What's your first name? I'd like to apologize in person.
Give me a hint...is it a nickname?


----------



## JimG. (Feb 22, 2018)

Ski off!!


----------



## BenedictGomez (Feb 22, 2018)

This thread got creepy.


----------



## Funky_Catskills (Feb 22, 2018)

jimg. said:


> ski off!!



hell yes!!!


----------



## Jcb890 (Feb 22, 2018)

cc1 is the blonde with the yellow pants.


----------



## KustyTheKlown (Feb 22, 2018)

I was about to post a stan darsh but they were all blocked on my work computer!


----------



## gmcunni (Feb 22, 2018)

JimG. said:


> Ski off!!





Funky_Catskills said:


> hell yes!!!



someone please post the video afterwards


----------



## Jcb890 (Feb 22, 2018)

KustyTheKlown said:


> I was about to post a stan darsh but they were all blocked on my work computer!


It took me forever to find one that didn't seemingly have a NSFW website/link or wasn't Hulu/Youtube/Southpark which you cannot link directly from since they're screenshots.  It wasn't the photo I wanted, but it'll work. :lol:


----------



## Jully (Feb 22, 2018)

BenedictGomez said:


> This thread got creepy.



Most definitely


----------



## catskillman (Feb 22, 2018)

cc1 said:


> What's your first name?

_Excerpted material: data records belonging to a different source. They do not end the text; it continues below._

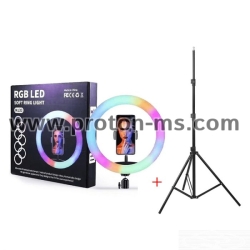 LED Селфи лампа за перфектни снимки, видео и блог с трипод  Ring Fill Light QX300 30 cm, 12&quot; RGB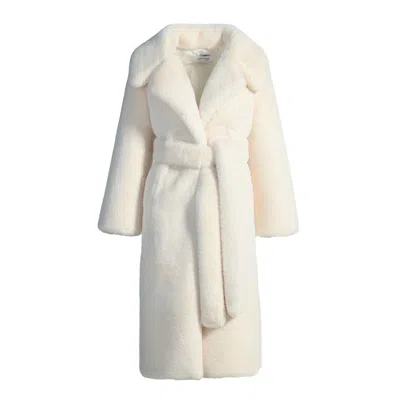 Wanan Touch Alpaca And Wool Faux Fur Coat White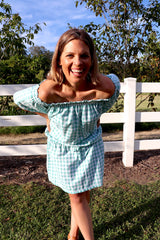 Holiday Dreaming Short Beach Dress/Top In Gingham Mint
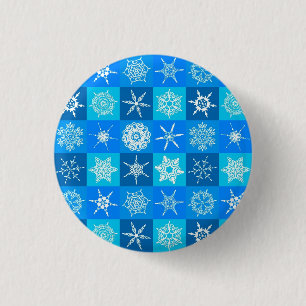 Blue Snowflakes Pattern 3 Cm Round Badge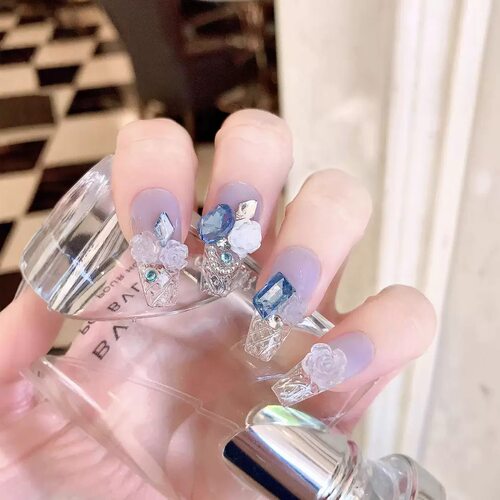 Handmade Purple 3D Flower Rhinestone False Nails
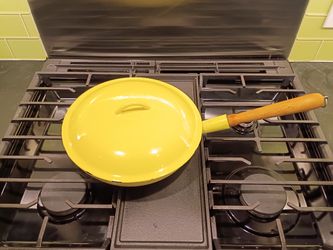 Vintage Descoware Yellow Enameled Cast Iron Skillet + Lid 11" Mid-Century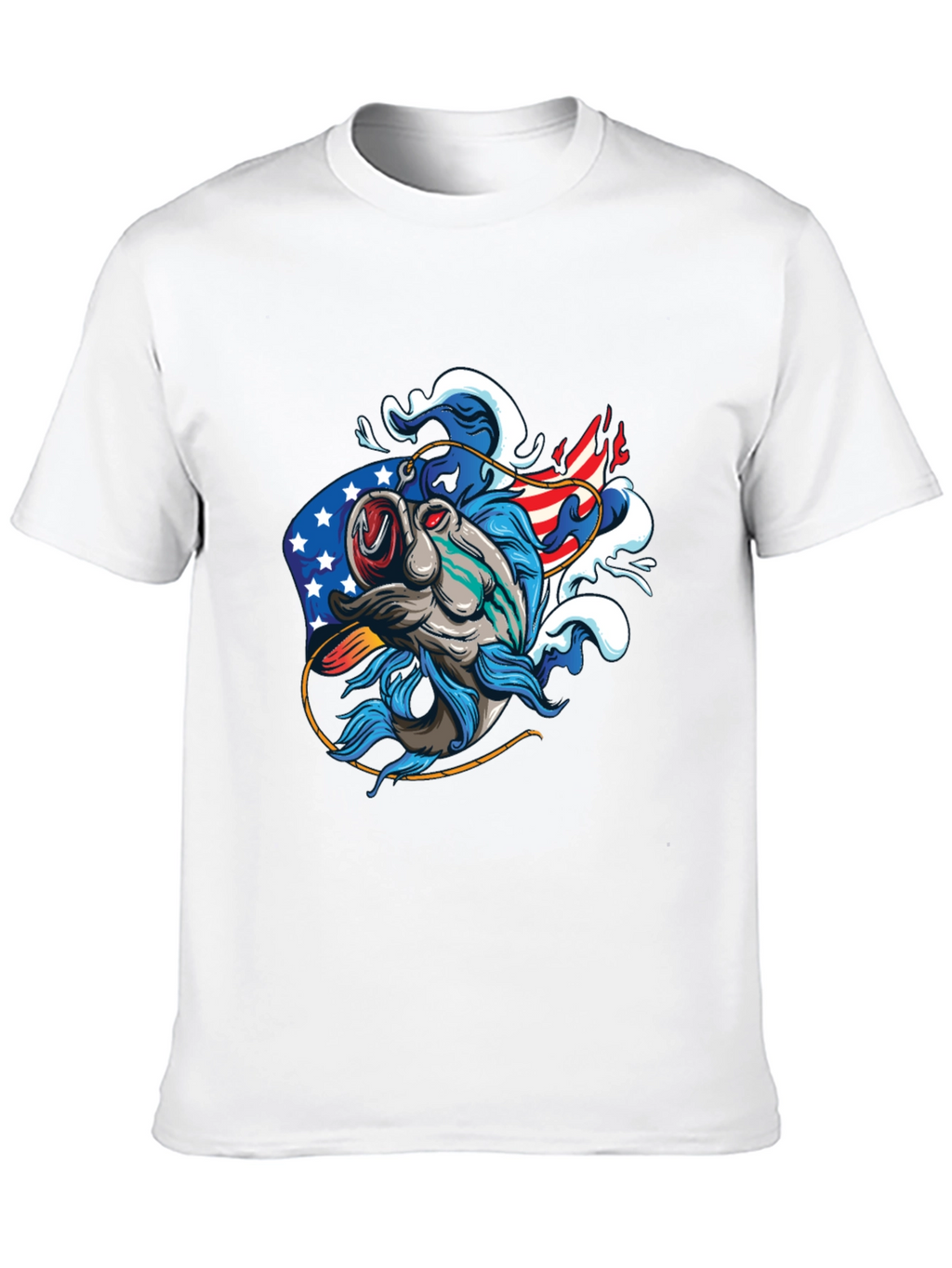 Patriotic Fish Graphic Tee - Black Cotton T-Shirt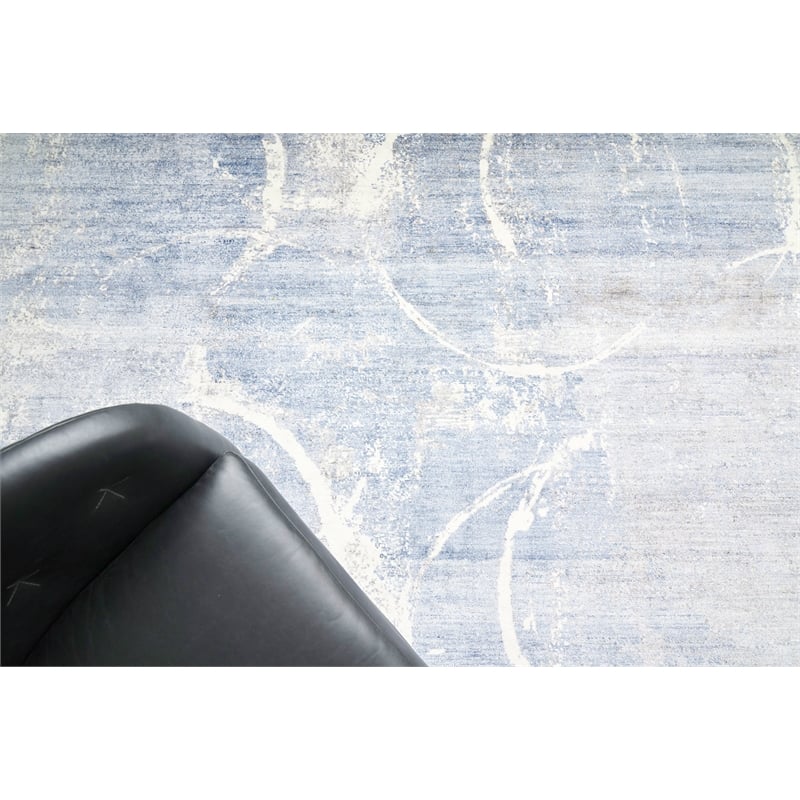 Fine Pure Silk Hand-Knotted Silk Blue/Gray/Ivory 10'x14' Area Rug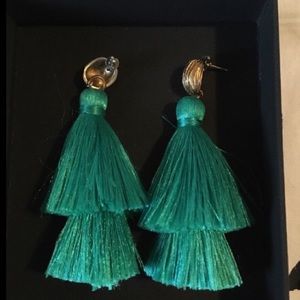 Brand new Teal Green Tiered Tassel Earrings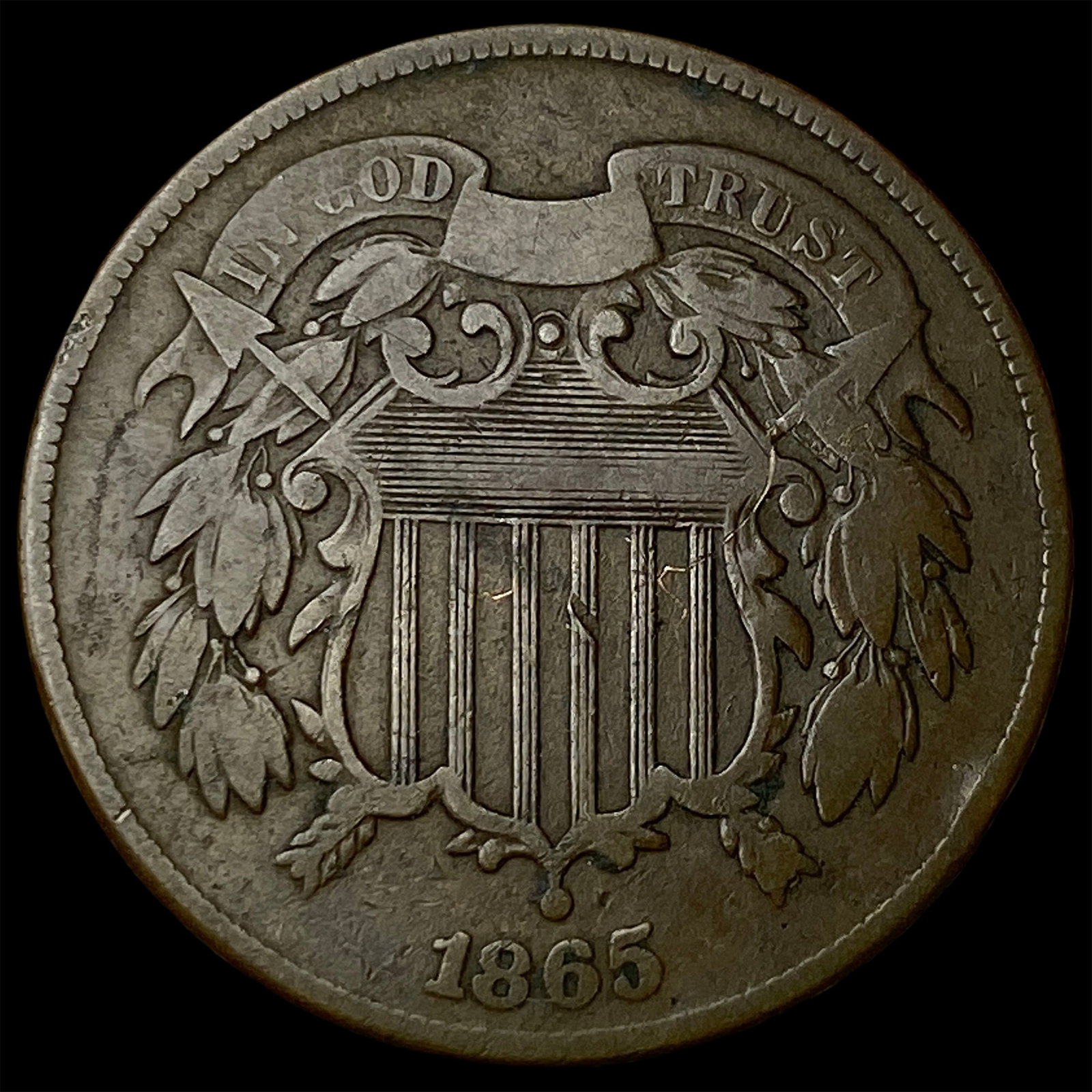 1865 Copper 2 Cents LIGHTLY CIRCULATED: 1865 Copper 2 Cents LIGHTLY CIRCULATED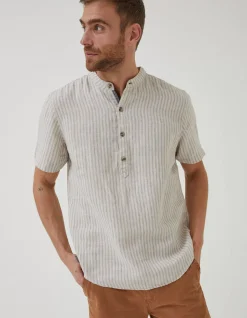 FatFace Stripe Pop Over Linen Shirt|Men Shirts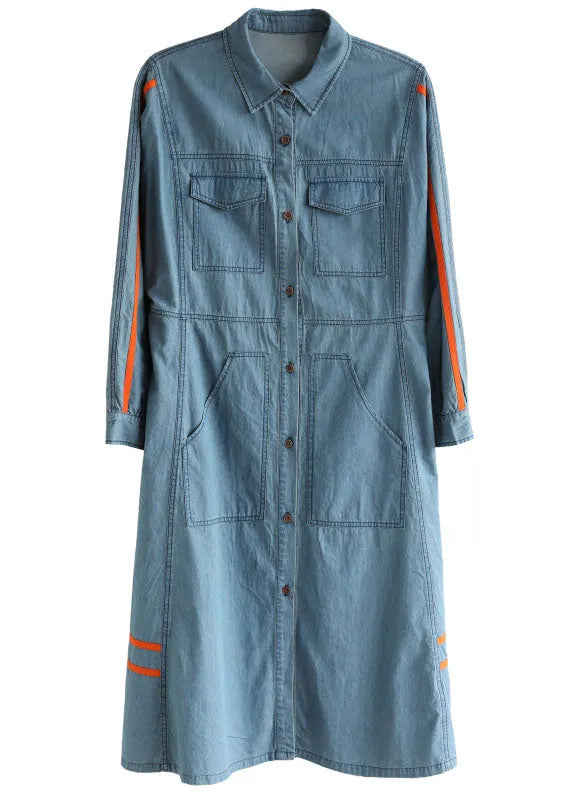 Denim Blue Pockets Patchwork Tie Waist Cotton Long Dress Long Sleeve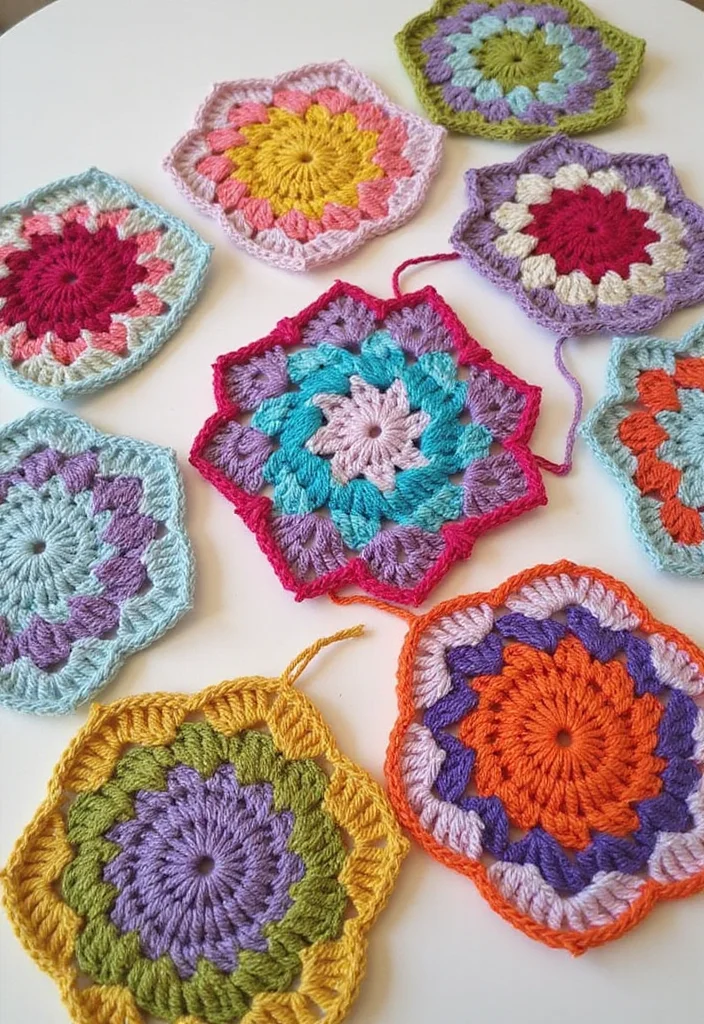 27 Fun Crochet Coasters Free Pattern Ideas for Home Decor - 15. Square Motif Coasters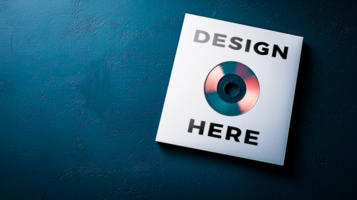 Blank CD cover mockup on dark modern background for branding and design placement psd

I'd like to apologize in person.
> Give me a hint...is it a nickname?



what's your name?  Post a photo...


----------



## Funky_Catskills (Feb 23, 2018)

catskillman said:


> what's your name?  Post a photo...



swipe left!!! swipe left!!!


----------



## KustyTheKlown (Feb 23, 2018)

32/m/NYC/down for whatevs


----------



## Funky_Catskills (Feb 23, 2018)

KustyTheKlown said:


> 32/m/NYC/down for whatevs




hahahahahaha


----------



## cc1 (Feb 23, 2018)

catskillman said:


> what's your name?  Post a photo...



Yeah, what I figured...no balls. You can PM me with it that way only we will know each other.


----------



## Domeskier (Feb 23, 2018)

cc1 said:


> Yeah, what I figured...no balls. You can PM me with it that way only we will know each other.



Since you're so eager to find out who he is, why not take the first step and PM him your name.  If he knows you're legit, you're more likely to get a response.


----------



## MEtoVTSkier (Feb 23, 2018)

Lol! The old AOL a/s/l

:grin:


----------



## Jcb890 (Feb 23, 2018)

cc1 said:


> Yeah, what I figured...no balls. You can PM me with it that way only we will know each other.


You're the best.


----------



## Funky_Catskills (Feb 23, 2018)

Jcb890 said:


> You're the best.



Swipe right!!!


----------



## catskillman (Feb 23, 2018)

I'll be there tomorrow.  Send a photo and I will meet you.......


----------



## rtjcbrown (Feb 23, 2018)




----------



## BenedictGomez (Feb 23, 2018)

cc1 said:


> *Yeah, what I figured...no balls. You can PM me with it that way only we will know each other.*




^ I'll set the over/under at (a very immature) 22 years old.

Place your bets!


----------



## KustyTheKlown (Feb 23, 2018)

I think he's older. which makes him even more lame. 

BG - sorry for losing my temper at you a few weeks ago. this makes it obvious how much of a stupid bad look it is on a skiing message board.


----------



## cc1 (Feb 23, 2018)

catskillman said:


> I'll be there tomorrow.  Send a photo and I will meet you.......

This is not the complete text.